Work order: From the material below, set down exactly the lines that run from the one containing "Mid-Back Ergonomic Office" to the one containing "Produktabbildung: GCE RHÖNA", minus the pictures.

Information given:

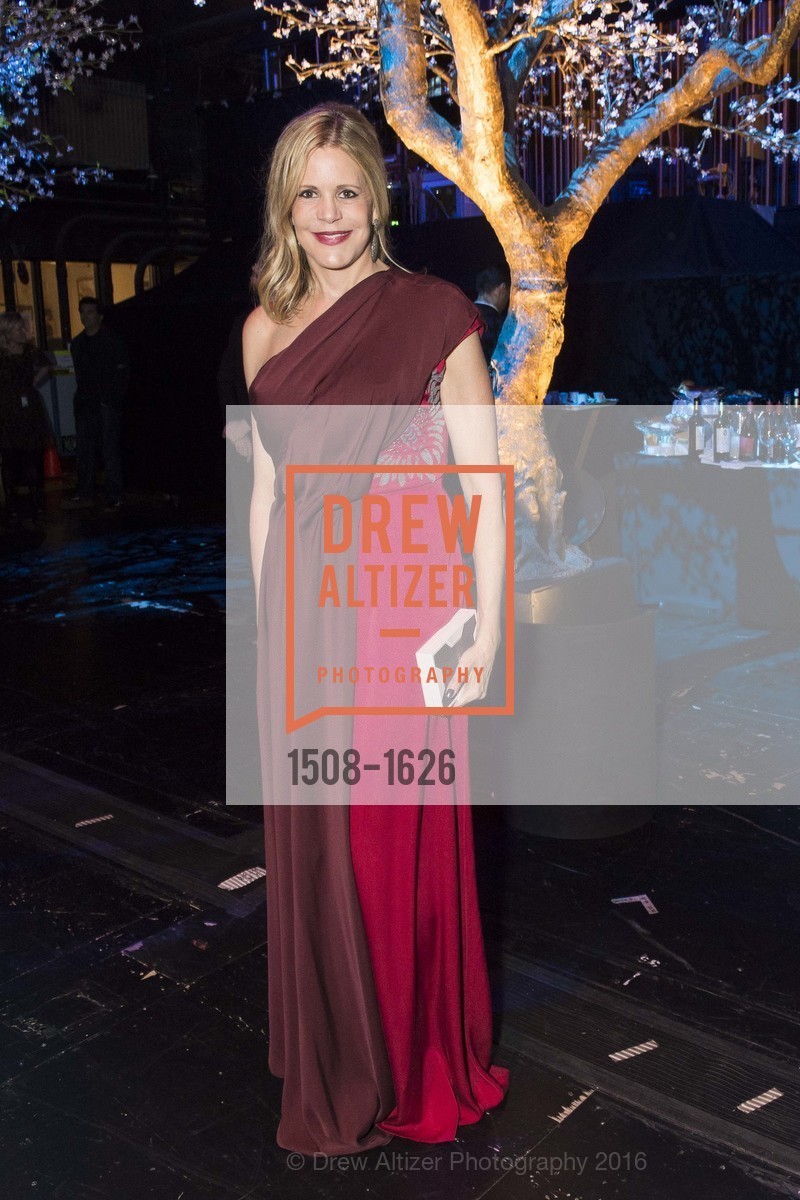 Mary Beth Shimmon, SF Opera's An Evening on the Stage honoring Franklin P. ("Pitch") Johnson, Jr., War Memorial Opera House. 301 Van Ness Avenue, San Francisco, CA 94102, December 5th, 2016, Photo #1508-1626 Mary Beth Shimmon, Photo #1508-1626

* * *

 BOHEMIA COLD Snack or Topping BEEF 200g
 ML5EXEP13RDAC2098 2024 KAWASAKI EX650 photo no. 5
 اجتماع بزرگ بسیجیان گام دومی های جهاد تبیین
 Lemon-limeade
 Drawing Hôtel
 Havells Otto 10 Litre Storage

==

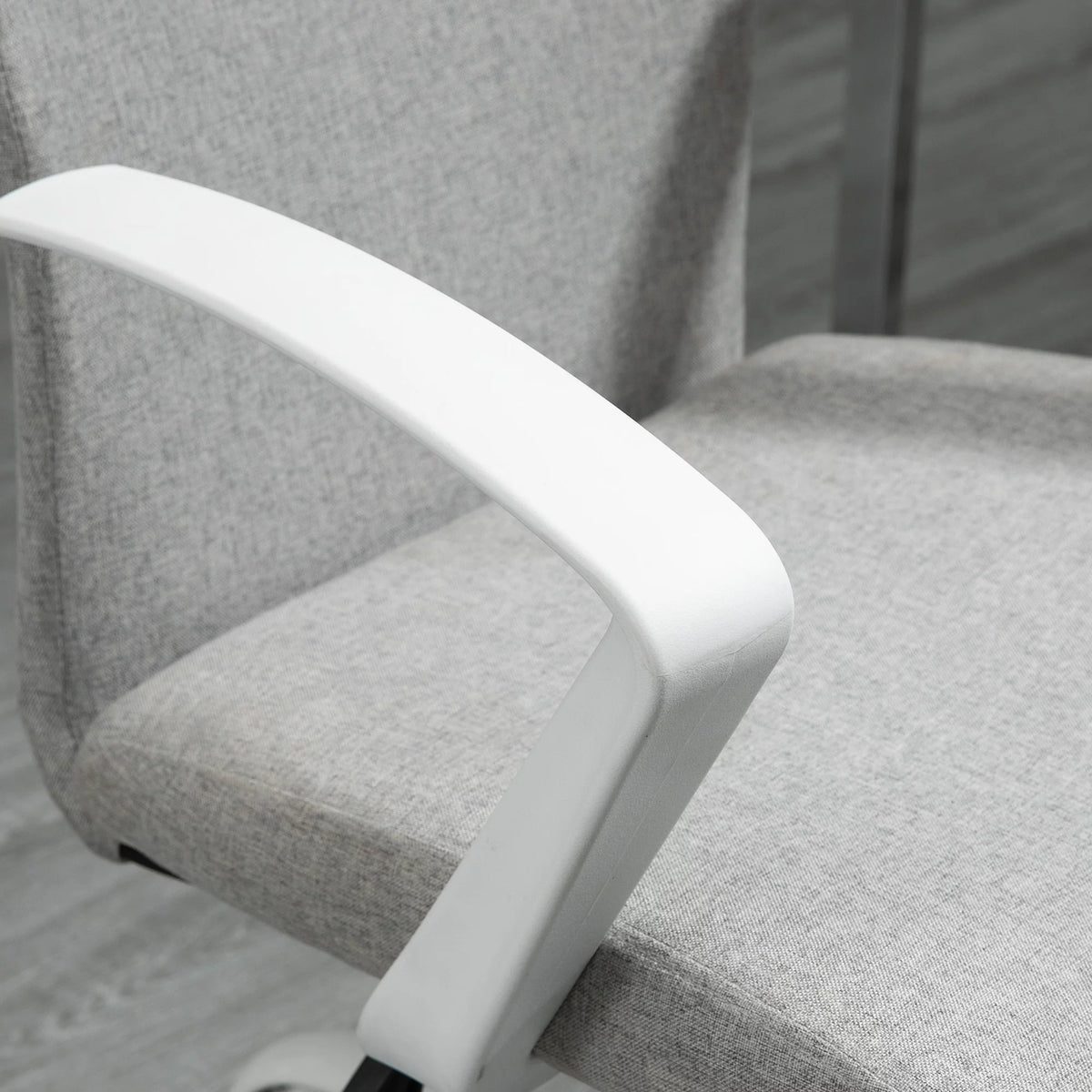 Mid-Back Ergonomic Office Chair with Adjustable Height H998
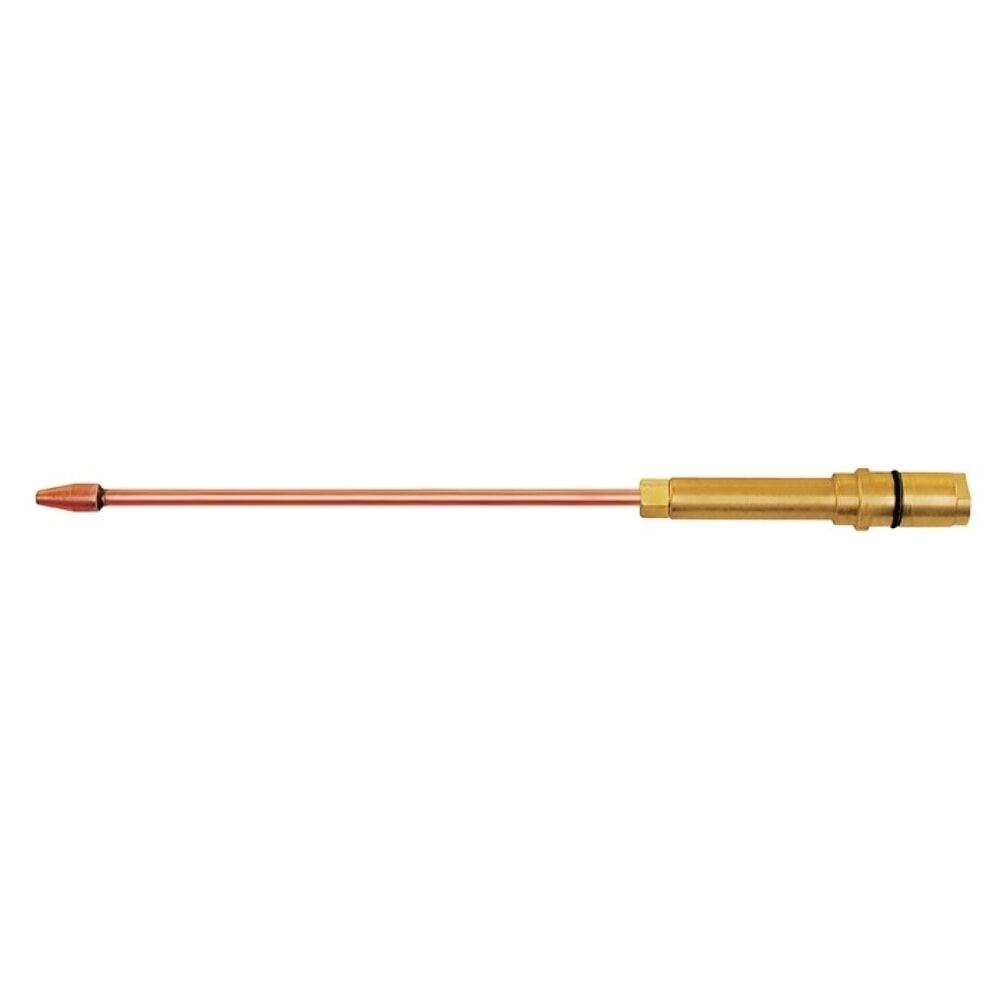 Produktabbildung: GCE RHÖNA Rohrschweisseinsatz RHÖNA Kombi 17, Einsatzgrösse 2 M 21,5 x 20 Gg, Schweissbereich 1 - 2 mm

Answer space:
 Mid-Back Ergonomic Office Chair with Adjustable Height H998
 Produktabbildung: GCE RHÖNA Rohrschweisseinsatz RHÖNA Kombi 17, Einsatzgrösse 2 M 21,5 x 20 Gg, Schweissbereich 1 - 2 mm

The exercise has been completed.